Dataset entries

-------

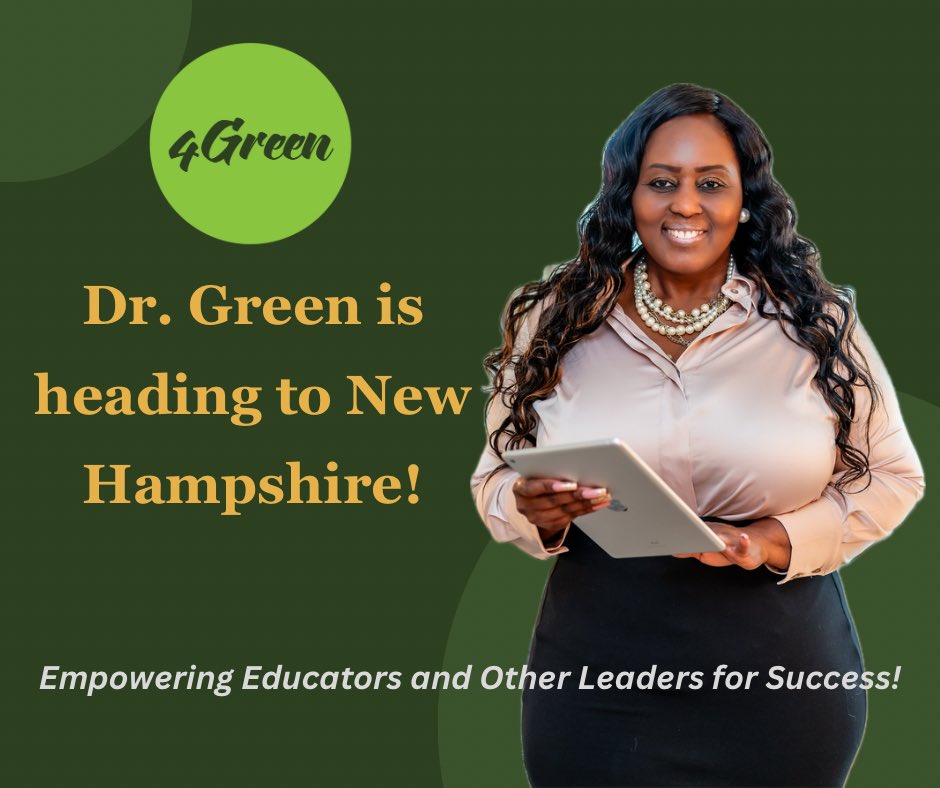 4greenedconsult's tweet photo. Dr. Green is heading to New Hampshire! 1st School Visit of 2024!!🎉🎊🎉

We are Empowering Educators and Other Leaders for Success!
https://t.co/Q5XsUj3Zx3

#LeadershipDevelopment #ProfessionalDevelopment #KeynoteSpeaker #EmpowermentSpeaker #DEITraining #BoardDevelopment
@usedgov https://t.co/zwwoZ60Wa1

-------

* PROBLEM DETAILS: Output each record verbatim and leave out its pictures.

* EXERCISE SOLUTION:
 4greenedconsult's tweet photo. Dr. Green is heading to New Hampshire! 1st School Visit of 2024!!🎉🎊🎉

We are Empowering Educators and Other Leaders for Success!
https://t.co/Q5XsUj3Zx3

#LeadershipDevelopment #ProfessionalDevelopment #KeynoteSpeaker #EmpowermentSpeaker #DEITraining #BoardDevelopment
@usedgov https://t.co/zwwoZ60Wa1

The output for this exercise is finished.